Monday 2 December 2013

Castlevania: Lords of Shadow - Mirror of Fate (2013) - Horror Videogame Review (3DS)


Castlevania: Lords of Shadow - Mirror of Fate is set after the events of Castlevania: Lords of Shadow, and before the events of Castlevania: Lords of Shadow 2. This has recently been HD'd up and released on Playstation 3 and X-Box 360, but it is the 3DS version I played and so will mention the 3D. Some mild plot spoilers to follow.

The game is split into four sections, each section with a different character and set in a different part of the timeline. The prologue sees you as Gabriel Belmont and is set before the events of the first game, on a quest to defeat a demon. The meat of the game is the remaining three characters. First you are Simon Belmont who has arrived at Dracula's castle to get revenge for the murder of his mother and father by the dark lord. The middle section has you playing as Alucard; half vampire who awakens in the castle with no memory of who he once was and sets out to confront Dracula, aiding Simon as he goes. The final section has you playing as Trevor Belmont (Simon's dad) who heads to the castle when Simon is a child. He hopes the powers of light and darkness will aid him in his mission to finally defeat Dracula.


While the reboot of the Castlevania franchise reinvented it as a God of War style game, Mirror of Fates returns the series to its side scrolling 2D roots. It seems like the Metroidvania games of old; giant levels that let you backtrack to open new areas when you gain new abilities. It certainly looks great, the castle setting giving great depth to the 3D, yet Mirrors of Fate suffers a lot though unexciting level design.

You gain XP and level up yet this does not really benefit you much other than new moves. It is true you can backtrack to open new areas but these are universally boring, boring being something this game really excels at. The castle has many hidden items, or they would be hidden if a giant question mark didn't appear on the map to let you know where they are. Scrolls give you information in your bestiary. The bestiary is not very exciting as it is pretty much just descriptions of the attacks enemies do. Fallen soldiers of the order are all over the game, these have magical scrolls that give you insight into their last thoughts. Many of these are just used to give you hints on how to proceed, the ones which are not are just dull as dishwater to read for the most part. The final hidden items are chests that increase your ammo count, magic and health. Backtracking in previous games was fun, here it is just not interesting.
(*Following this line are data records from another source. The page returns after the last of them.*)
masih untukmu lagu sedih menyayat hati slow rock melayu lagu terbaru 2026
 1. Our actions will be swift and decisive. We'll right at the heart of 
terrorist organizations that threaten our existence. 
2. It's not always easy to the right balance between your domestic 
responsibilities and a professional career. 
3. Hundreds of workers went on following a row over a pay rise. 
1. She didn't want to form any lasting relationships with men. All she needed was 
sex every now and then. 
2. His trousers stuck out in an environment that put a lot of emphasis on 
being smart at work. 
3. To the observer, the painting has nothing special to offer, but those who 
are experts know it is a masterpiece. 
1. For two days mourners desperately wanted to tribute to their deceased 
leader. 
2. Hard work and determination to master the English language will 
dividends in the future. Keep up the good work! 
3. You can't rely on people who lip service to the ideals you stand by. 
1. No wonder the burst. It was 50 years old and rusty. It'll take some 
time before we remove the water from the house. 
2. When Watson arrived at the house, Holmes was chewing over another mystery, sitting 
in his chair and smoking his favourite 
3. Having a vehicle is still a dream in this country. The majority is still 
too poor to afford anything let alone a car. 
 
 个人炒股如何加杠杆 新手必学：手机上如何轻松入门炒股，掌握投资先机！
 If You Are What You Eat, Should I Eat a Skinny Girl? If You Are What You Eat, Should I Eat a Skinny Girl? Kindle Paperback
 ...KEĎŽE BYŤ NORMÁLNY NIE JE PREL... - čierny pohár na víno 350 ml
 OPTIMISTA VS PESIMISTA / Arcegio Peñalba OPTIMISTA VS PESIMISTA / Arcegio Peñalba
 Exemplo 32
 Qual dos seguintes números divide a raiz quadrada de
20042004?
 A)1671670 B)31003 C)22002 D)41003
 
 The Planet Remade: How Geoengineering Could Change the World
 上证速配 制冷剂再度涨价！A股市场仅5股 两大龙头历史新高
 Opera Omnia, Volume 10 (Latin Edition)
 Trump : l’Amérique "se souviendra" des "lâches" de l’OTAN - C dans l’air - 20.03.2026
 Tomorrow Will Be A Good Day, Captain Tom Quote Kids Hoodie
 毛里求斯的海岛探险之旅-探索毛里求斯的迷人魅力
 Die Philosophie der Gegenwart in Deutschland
Fights against enemies are far more infrequent. The game only ever throws two or three monsters at you at once at best and all take a while to kill, usually you will get trapped in a room until the enemies are all dead. QTE events pop up in annoying places. The 3DS has stupidly mapped buttons and so I nearly always pressed the wrong command during the QTE events and had to retry sections initially exciting many times making them a chore. Bosses in theory are fun to fight but monster design is not particularly inspiring and they take too long to battle.

I love the Castlevania series yet Mirrors of Fate took me many months to complete as my boredom kept preventing me from playing. The plot should be interesting, it isn't. Cutscenes while pretty have nothing happen in them, knowing Dracula is the main character of Lords of Shadow 2 meant that I knew he would not be defeated here, so that felt off. The one good thing was the fact the game takes place at different times, though confusing that the last section takes place before the first two, I actually struggle to remember what happened at the end of the game chronologically. The music is not the greatness of old, but Lords of Shadow; all orchestral and epic and sounds great for a 3DS game, but not interesting either.


There is a lot of inventiveness to the game, so it is frustrating how bland it all feels, could have been so much better. Springing to mind; an ambush by possessed mannequins at a theatre, a descent through a clock tower as you attempt to outrun a falling giant bell, a running battle against a giant worm. All sound exciting on paper but in theory just feel off.

Castlevania: Mirrors of Fate should have been so much better, but this is just a poor copy of the Metroidvania format, everything is ticked off; monster types, locations, RPG elements, and iconic characters, but is all designed so work man like that it just seems to have no soul to it, in total despite it's attractive design of the castle location this is just distinctly average.